PICARD: I don't think that's a little harsh. I think that's the truth. But that's a truth we have obscured behind a comfortable, easy euphemism. Property. But that's not the issue at all, is it?
COMPUTER: Verify, Maddox, Bruce, Commander. Current assignment, Associate Chair of Robotics, Daystrom Technological Institute. Major papers
PICARD: Yes, yes, yes. Suffice it to say, he's an expert. Commander, is your contention that Lieutenant Commander Data is not a sentient being and therefore not entitled to all the rights reserved for all life forms within this Federation?
MADDOX: Data is not sentient, no.
PICARD: Commander, would you enlighten us? What is required for sentience?
MADDOX: Intelligence, self awareness, consciousness.
PICARD: Prove to the court that I am sentient.
MADDOX: This is absurd! We all know you're sentient.
PICARD: So I am sentient, but Data is not?
MADDOX: That's right.
PICARD: Why? Why am I sentient?
MADDOX: Well, you are self aware.
PICARD: Ah, that's the second of your criteria. Let's deal with the first, intelligence. Is Commander Data intelligent?
MADDOX: Yes. It has the ability to learn and understand, and to cope with new situations.
PICARD: Like this hearing.
PICARD: What about self awareness. What does that mean? Why am I self aware?
MADDOX: Because you are conscious of your existence and actions. You are aware of yourself and your own ego.
PICARD: Commander Data, what are you doing now?
DATA: I am taking part in a legal hearing to determine my rights and status. Am I a person or property?
PICARD: And what's at stake?
DATA: My right to choose. Perhaps my very life.
PICARD: My rights. My status. My right to choose. My life. It seems reasonably self aware to me. Commander? I'm waiting.
MADDOX: This is exceedingly difficult.
PICARD: Do you like Commander Data?
MADDOX: I don't know it well enough to like or dislike it.
PICARD: But you admire him?
MADDOX: Oh yes, it's an extraordinary piece of
PICARD: Engineering and programming. Yes, you have said that. Commander, you have devoted your life to the study of cybernetics in general?

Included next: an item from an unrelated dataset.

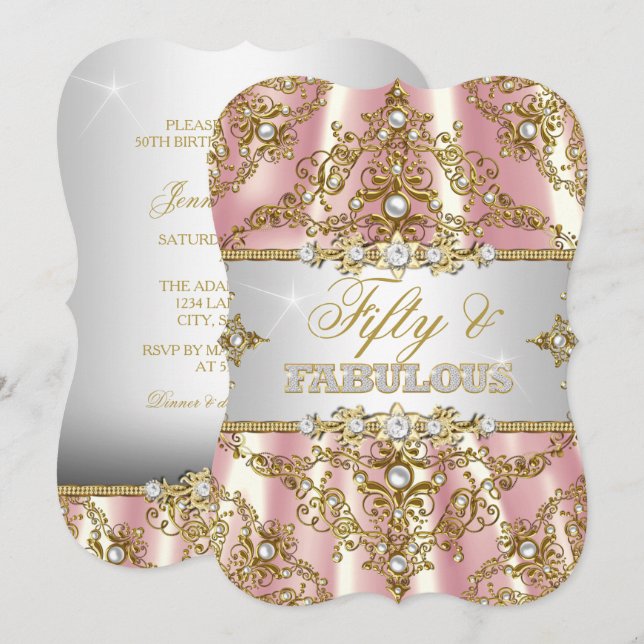 Convite Damasco Pérola Rosa Dourado Cinquenta e Fabuloso (Frente/Verso)
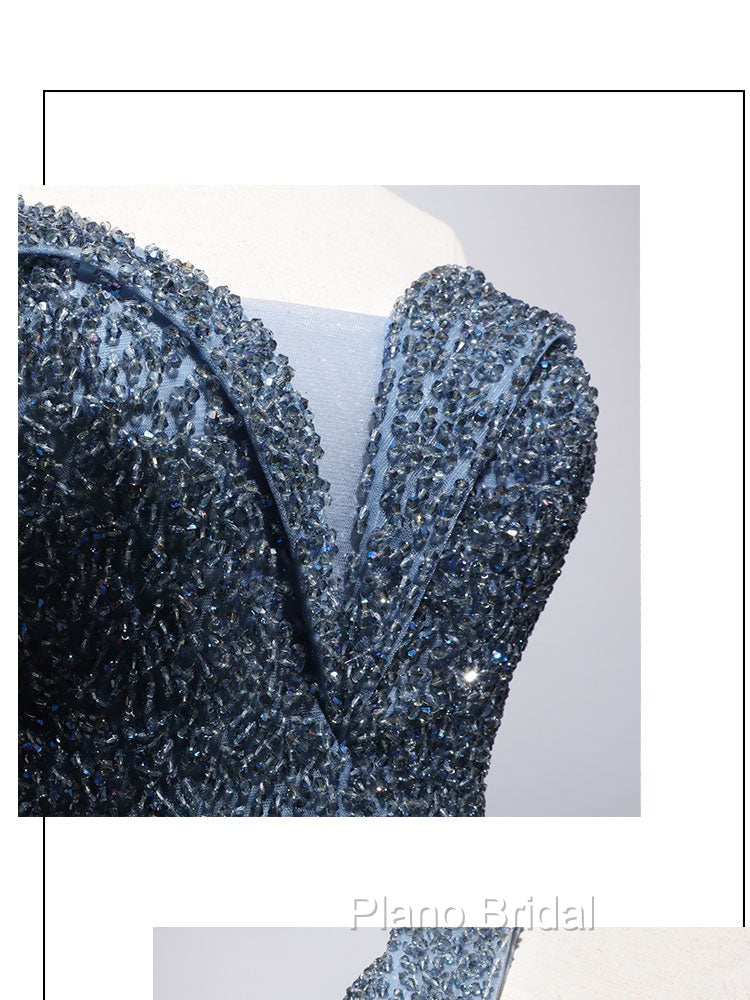 Blue Sweetheart Neck Tulle Beads Off Shoulder Long Formal Prom Dresses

PICARD: And Commander Data in particular?
PICARD: And now you propose to dismantle him.
MADDOX: So that I can learn from it and construct more.
PICARD: How many more?
MADDOX: As many as are needed. Hundreds, thousands if necessary. There is no limit.

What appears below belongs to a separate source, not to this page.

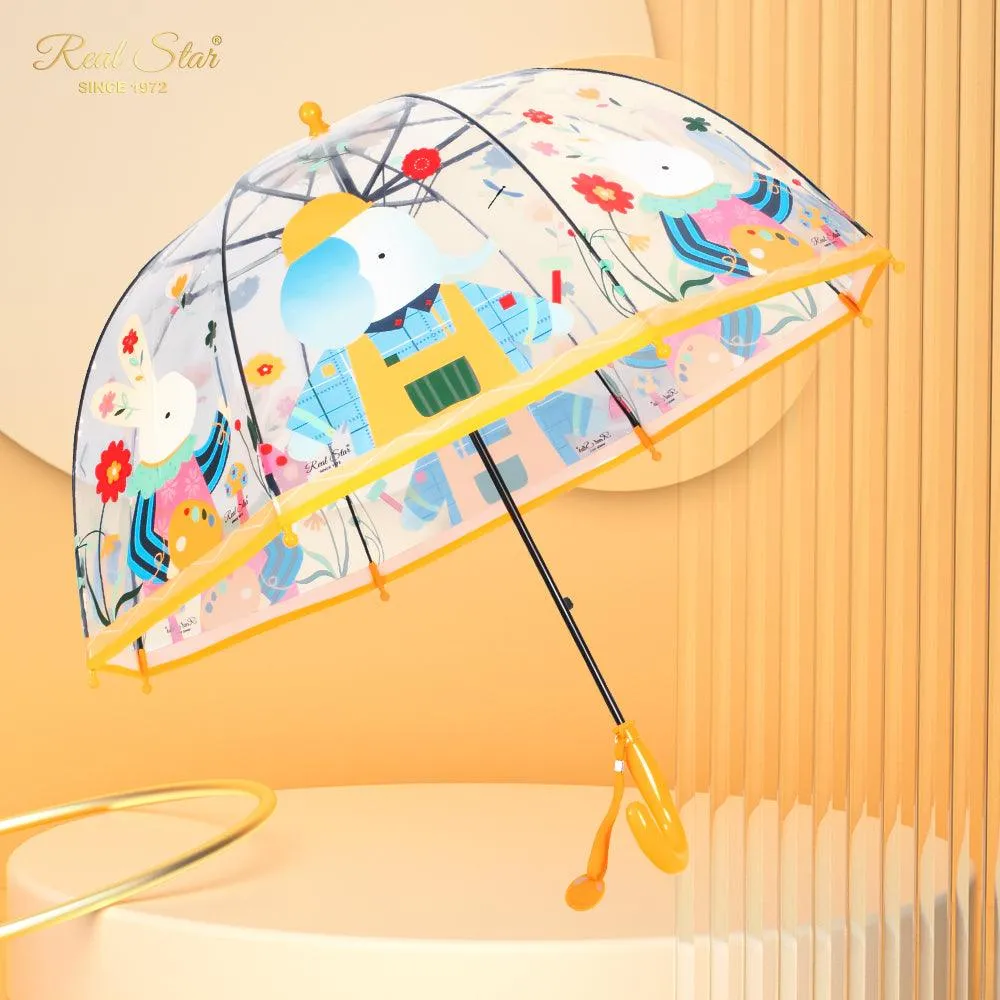 Kids Clear Dome Umbrella with Fun Animal Prints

PICARD: A single Data, and forgive me, Commander, is a curiosity. A wonder, even. But thousands of Datas. Isn't that becoming a race? And won't we be judged by how we treat that race? Now, tell me, Commander, what is Data?

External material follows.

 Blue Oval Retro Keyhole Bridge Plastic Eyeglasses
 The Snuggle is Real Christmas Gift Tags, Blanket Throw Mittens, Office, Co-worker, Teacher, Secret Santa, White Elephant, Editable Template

MADDOX: I don't understand.
PICARD: What is he?
MADDOX: A machine!
PICARD: Is he? Are you sure?
PICARD: You see, he's met two of your three criteria for sentience, so what if he meets the third. Consciousness in even the smallest degree. What is he then? I don't know. Do you? (to Riker) Do you? (to Phillipa) Do you? Well, that's the question you have to answer. Your Honour, the courtroom is a crucible. In it we burn away irrelevancies until we are left with a pure product, the truth for all time. Now, sooner or later, this man or others like him will succeed in replicating Commander Data. And the decision you reach here today will determine how we will regard this creation of our genius. It will reveal the kind of a people we are, what he is destined to be. It will reach far beyond this courtroom and this one android. It could significantly redefine the boundaries of personal liberty and freedom, expanding them for some, savagely curtailing them for others. Are you prepared to condemn him and all who come after him to servitude and slavery? Your Honour, Starfleet was founded to seek out new life. Well, there it sits. Waiting. You wanted a chance to make law. Well, here it is. Make a good one. (just...wonderfully written...awesome)
DATA: Sir, there is a celebration on the Holodeck.
RIKER: I have no right to be there.
DATA: Because you failed in your task?
RIKER: No, God, no. I came that close to winning, Data.
DATA: Yes, sir.
RIKER: I almost cost you your life!
DATA: Is it not true that had you refused to prosecute, Captain Louvois would have ruled summarily against me?
DATA: That action injured you, and saved me. I will not forget it.
RIKER: You're a wise man, my friend.
DATA: Not yet, sir. But with your help, I am learning. (what a great way to end this episode!)